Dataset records
* * * * * * *
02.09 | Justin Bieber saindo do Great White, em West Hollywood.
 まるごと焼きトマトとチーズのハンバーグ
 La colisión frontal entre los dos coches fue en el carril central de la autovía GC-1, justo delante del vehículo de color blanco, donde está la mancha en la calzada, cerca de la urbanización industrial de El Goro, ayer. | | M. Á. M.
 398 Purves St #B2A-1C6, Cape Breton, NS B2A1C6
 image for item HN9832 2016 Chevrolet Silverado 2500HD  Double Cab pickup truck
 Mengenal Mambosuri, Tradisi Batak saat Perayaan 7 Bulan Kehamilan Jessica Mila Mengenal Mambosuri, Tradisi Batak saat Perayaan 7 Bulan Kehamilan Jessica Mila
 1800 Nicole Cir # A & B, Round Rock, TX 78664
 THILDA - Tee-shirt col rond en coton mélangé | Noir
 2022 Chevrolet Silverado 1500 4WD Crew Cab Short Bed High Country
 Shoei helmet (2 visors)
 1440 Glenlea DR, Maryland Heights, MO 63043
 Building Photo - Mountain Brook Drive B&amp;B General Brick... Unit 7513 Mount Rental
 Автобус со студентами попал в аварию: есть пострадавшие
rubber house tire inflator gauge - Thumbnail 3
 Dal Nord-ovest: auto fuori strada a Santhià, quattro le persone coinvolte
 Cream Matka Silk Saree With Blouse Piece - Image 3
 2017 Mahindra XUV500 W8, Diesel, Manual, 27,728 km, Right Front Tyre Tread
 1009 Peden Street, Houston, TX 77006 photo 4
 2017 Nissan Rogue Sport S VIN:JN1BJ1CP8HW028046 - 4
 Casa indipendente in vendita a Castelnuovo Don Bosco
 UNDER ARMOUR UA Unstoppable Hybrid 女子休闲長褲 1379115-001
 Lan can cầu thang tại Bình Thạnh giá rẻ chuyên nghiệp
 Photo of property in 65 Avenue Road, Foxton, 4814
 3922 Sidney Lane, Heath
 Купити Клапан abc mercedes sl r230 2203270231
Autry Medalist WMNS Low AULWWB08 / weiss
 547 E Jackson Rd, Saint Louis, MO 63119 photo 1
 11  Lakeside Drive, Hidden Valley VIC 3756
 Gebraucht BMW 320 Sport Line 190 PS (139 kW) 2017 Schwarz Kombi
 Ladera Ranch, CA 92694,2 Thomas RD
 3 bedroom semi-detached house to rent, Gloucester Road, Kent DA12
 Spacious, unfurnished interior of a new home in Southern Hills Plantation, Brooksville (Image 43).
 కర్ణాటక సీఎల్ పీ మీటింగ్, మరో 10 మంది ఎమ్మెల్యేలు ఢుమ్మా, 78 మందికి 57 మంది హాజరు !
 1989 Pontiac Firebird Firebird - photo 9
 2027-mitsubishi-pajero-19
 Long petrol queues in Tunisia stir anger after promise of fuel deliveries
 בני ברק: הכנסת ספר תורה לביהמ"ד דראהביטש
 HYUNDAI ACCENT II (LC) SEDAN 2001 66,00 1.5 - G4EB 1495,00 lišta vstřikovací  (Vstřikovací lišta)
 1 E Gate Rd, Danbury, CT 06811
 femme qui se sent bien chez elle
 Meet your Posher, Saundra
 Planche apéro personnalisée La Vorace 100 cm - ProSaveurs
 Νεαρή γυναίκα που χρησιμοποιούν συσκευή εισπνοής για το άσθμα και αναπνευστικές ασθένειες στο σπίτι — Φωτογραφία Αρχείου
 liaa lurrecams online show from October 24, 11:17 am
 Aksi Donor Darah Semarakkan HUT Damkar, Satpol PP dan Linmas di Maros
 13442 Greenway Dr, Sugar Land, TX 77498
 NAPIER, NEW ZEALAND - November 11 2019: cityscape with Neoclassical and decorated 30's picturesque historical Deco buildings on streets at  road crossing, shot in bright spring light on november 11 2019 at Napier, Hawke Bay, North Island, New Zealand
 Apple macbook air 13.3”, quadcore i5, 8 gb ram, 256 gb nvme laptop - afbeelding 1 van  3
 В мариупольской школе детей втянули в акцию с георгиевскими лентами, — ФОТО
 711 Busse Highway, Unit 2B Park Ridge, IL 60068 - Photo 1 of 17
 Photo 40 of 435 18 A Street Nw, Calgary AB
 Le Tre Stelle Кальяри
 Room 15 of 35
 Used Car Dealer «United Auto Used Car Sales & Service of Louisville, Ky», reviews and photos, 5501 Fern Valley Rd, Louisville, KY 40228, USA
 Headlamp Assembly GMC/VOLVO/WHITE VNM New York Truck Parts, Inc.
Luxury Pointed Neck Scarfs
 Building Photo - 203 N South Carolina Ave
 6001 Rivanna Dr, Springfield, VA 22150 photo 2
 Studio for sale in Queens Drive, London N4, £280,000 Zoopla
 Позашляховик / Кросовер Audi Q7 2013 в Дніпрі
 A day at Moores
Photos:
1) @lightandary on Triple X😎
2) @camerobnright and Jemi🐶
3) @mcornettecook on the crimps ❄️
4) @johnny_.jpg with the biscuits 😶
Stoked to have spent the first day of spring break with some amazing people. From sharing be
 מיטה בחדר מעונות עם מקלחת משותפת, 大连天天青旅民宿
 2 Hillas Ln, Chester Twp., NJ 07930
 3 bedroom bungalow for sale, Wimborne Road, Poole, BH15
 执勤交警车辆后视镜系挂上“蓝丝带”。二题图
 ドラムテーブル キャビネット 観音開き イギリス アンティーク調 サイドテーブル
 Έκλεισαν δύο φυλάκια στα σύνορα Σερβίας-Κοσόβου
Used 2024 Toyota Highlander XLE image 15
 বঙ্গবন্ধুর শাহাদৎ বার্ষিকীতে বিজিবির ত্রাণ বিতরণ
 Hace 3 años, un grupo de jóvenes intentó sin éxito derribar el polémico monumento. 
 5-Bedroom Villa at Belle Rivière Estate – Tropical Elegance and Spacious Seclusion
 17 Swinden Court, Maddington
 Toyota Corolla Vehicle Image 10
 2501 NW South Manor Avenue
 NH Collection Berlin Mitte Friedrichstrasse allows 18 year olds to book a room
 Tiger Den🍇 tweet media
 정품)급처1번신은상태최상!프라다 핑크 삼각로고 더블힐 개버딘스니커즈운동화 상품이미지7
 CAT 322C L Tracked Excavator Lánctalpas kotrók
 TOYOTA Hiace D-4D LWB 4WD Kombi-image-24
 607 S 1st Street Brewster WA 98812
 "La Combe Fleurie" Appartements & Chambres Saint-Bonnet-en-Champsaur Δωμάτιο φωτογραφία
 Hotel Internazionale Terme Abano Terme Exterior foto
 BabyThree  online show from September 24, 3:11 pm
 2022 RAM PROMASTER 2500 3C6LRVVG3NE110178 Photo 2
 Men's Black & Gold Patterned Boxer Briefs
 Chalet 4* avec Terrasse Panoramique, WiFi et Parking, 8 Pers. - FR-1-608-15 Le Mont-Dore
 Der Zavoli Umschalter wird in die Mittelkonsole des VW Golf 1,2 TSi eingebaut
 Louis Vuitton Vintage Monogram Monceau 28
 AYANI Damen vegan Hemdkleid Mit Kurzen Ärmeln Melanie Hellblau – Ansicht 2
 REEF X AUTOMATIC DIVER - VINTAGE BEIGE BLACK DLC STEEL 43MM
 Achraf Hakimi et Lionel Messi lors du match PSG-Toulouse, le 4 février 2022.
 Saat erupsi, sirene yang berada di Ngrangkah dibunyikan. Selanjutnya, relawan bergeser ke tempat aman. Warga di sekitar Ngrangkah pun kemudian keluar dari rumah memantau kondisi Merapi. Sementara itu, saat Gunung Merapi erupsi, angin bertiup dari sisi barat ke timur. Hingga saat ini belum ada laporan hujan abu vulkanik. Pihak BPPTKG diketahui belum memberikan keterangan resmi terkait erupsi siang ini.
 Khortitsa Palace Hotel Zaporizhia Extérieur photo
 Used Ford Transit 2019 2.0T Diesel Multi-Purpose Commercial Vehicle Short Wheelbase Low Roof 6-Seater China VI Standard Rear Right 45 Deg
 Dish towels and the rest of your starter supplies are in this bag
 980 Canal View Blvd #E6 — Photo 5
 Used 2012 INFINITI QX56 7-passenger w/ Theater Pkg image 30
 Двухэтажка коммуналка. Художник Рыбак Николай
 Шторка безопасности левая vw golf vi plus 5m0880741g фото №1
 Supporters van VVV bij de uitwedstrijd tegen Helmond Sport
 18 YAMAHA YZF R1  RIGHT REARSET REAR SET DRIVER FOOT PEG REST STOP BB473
* * * * * * *
◆ **PROBLEM REQUIREMENTS**:
Please transcribe exactly the line containing "Used 2012 INFINITI" and every line after it to the end of the data, and no other lines.

◆ **EXERCISE OUTPUT**:
 Used 2012 INFINITI QX56 7-passenger w/ Theater Pkg image 30
 Двухэтажка коммуналка. Художник Рыбак Николай
 Шторка безопасности левая vw golf vi plus 5m0880741g фото №1
 Supporters van VVV bij de uitwedstrijd tegen Helmond Sport
 18 YAMAHA YZF R1  RIGHT REARSET REAR SET DRIVER FOOT PEG REST STOP BB473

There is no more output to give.